„A World in Common“, also „eine gemeinsame Welt“, ist ein ziemlich vollmundiger Titel für eine Ausstellung über zeitgenössische afrikanische Fotografie. Auch wenn sie sich gemäß eines Zitats des kamerunischen Politikwissenschaftlers Achille Mbembe vornimmt, „die Welt von Afrika aus zu denken“. Denn den 23 präsentierten Künstlern geht es in ihren rund 100 Werken vor allem um das heutige afrikanische Selbstverständnis – obwohl ein großer Teil von ihnen dauerhaft im westlichen Ausland lebt.
Info
A World in Common –
Contemporary African Photography
01.02.2025 - 07.05.2025
täglich 11 bis 20 Uhr
im C/O Berlin, Amerika-Haus, Hardenbergstraße 22–24, Berlin
Weitere Informationen zur Ausstellung
Nigeria-König mit Freiheitsstatue
Der Nigerianer George Osodi fotografiert traditionelle Könige und andere Würdenträger in der Manier herkömmlicher Herrscherporträts: auf ihrem Thron sitzend, frontal in die Kamera blickend, in vollem Ornat, umgeben von Insignien ihres hohen Amts. So steht hinter einem Monarchen eine mannshohe Nachbildung der New Yorker Freiheitsstatue; ein anderer ist in ein Zeremonialgewand gekleidet, auf dem das Brustbild der jungen Queen Elizabeth II. prangt: Beide Symbole erhöhen den Rang ihres Trägers.
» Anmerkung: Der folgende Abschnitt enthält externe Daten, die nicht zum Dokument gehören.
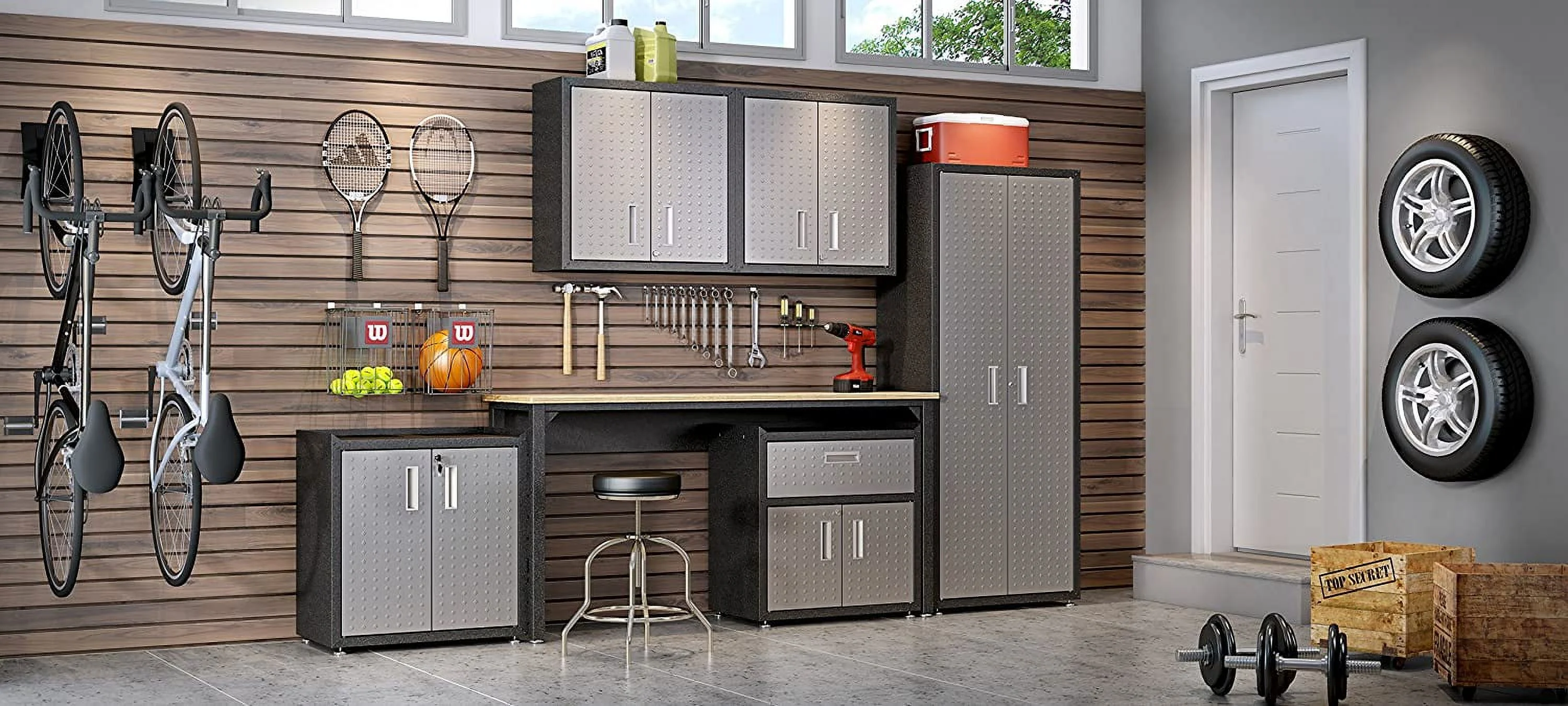Manhattan Comfort Fortress Standing Cabinet Storage, Black/Gray - Image 10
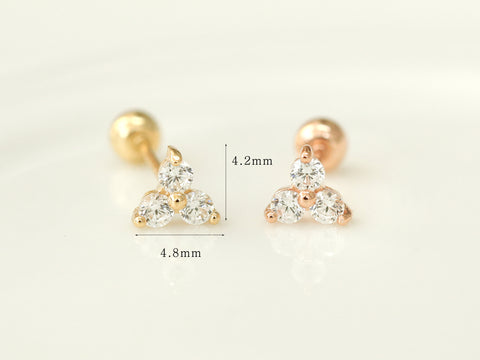 14K Gold Triangle Cubic Cartilage Earring 20G18G16G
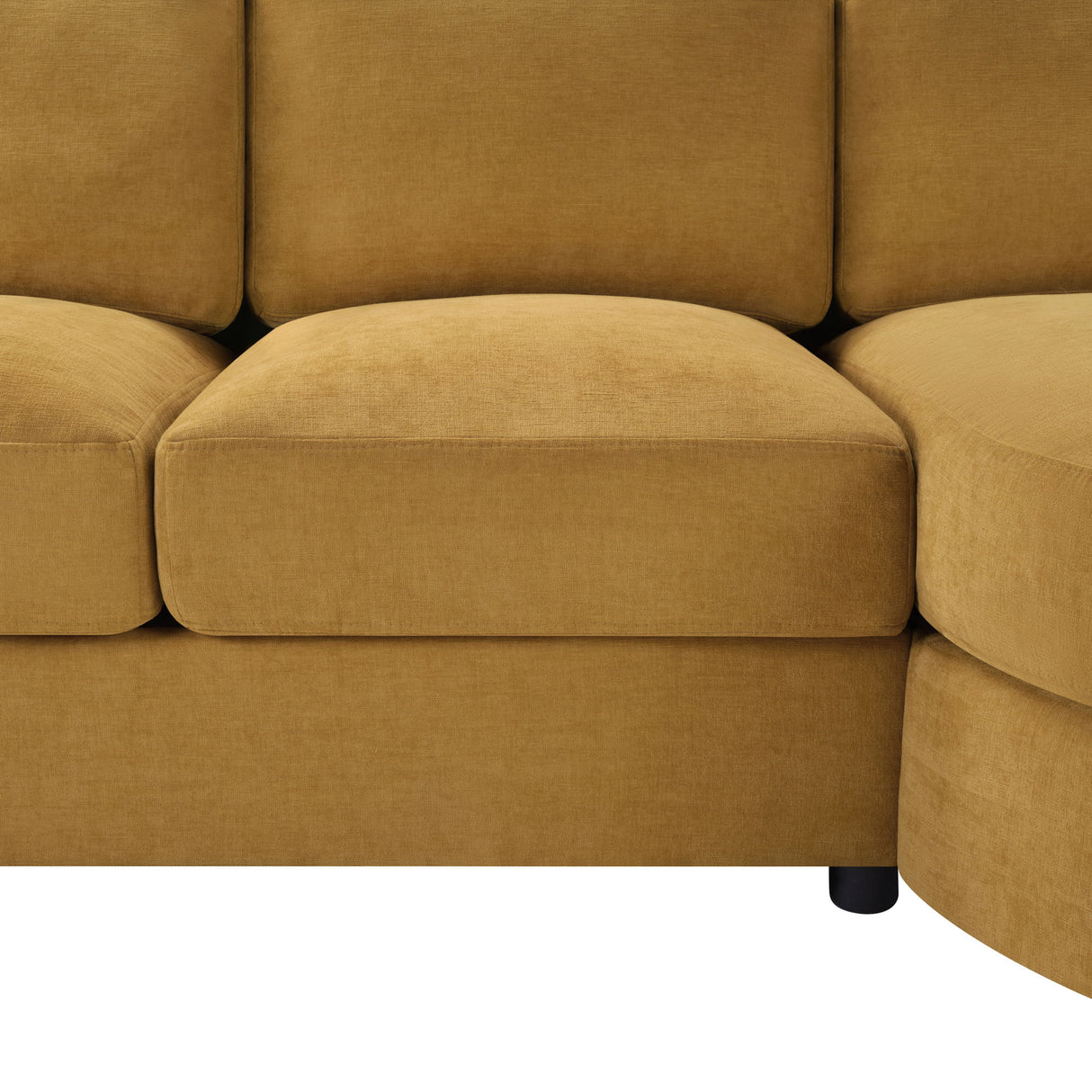 Modern L-Shaped Sectional Sofa With Curved Chaise, USB Ports, And Side Storage Pockets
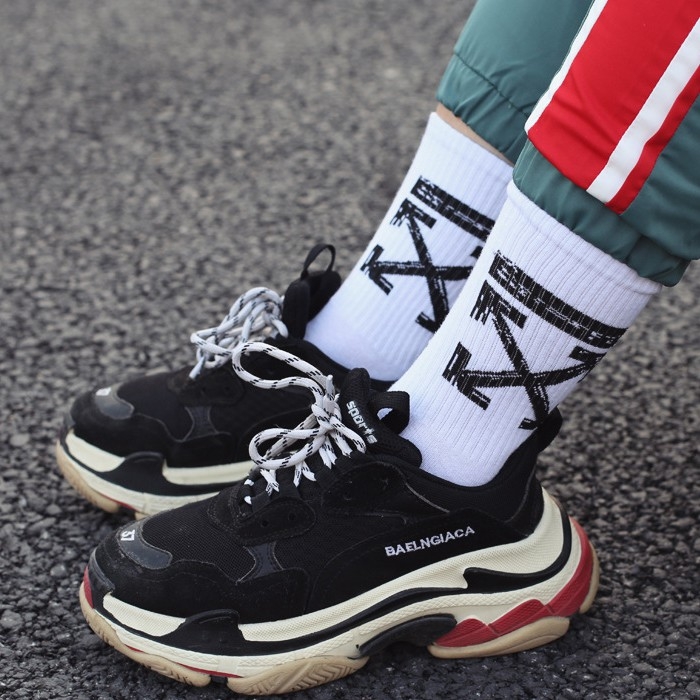 Tất nam nữ cao cổ Ulzzang Hàn Quốc sọc giật gân cotton XIMO (TN14-H2)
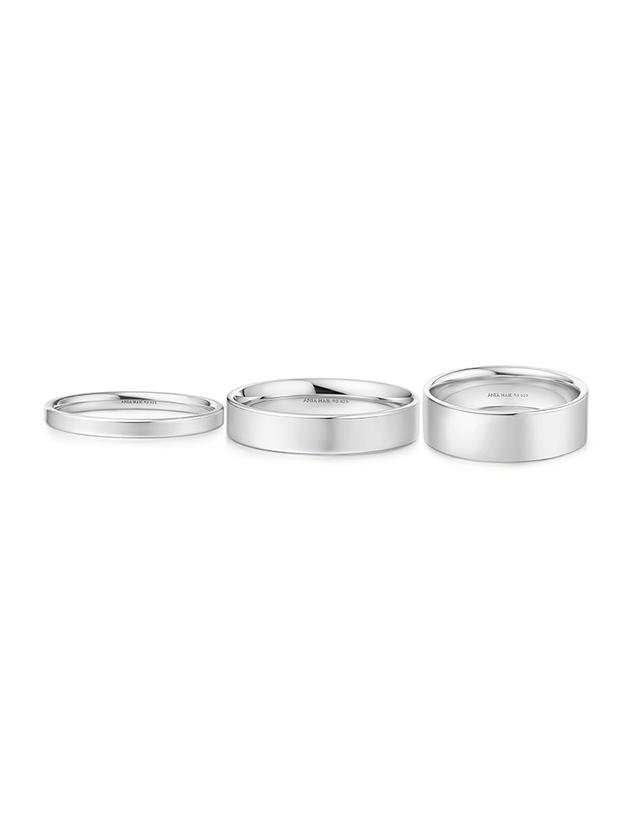 아니아 하이에 스무스 밴드 925 실버 반지 2mm,4mm,6mm R064-02H_03H_04H 착용컷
Impressionen der Ausstellung in der Tate Modern; © Samuel Sagua
Synkretistische Caravaggio-Jünglinge
Kundzanai Chiurai aus Simbabwe arrangiert großformatige Tableaus, auf denen er Schlüsselbilder des Christentums afrikanisiert; so war 2012 sein Beitrag zur documenta (13) ein nachgestelltes Abendmahl als Bürgerkriegs-Szenario. Doch die hier gezeigte Serie „We Live in Silence“ aus Kreuzweg-Stationen mit Frauen anstelle von Jesus und seinem Gefolge wirkt so schwülstig wie plakativ: Zeitgeist-Neobarock in Hochglanz-Ästhetik. Dass Chiurai angeblich weibliche Beteiligung bei vorkolonialen Aufständen in Simbabwe würdigen will, ist den Bildern nirgends anzusehen.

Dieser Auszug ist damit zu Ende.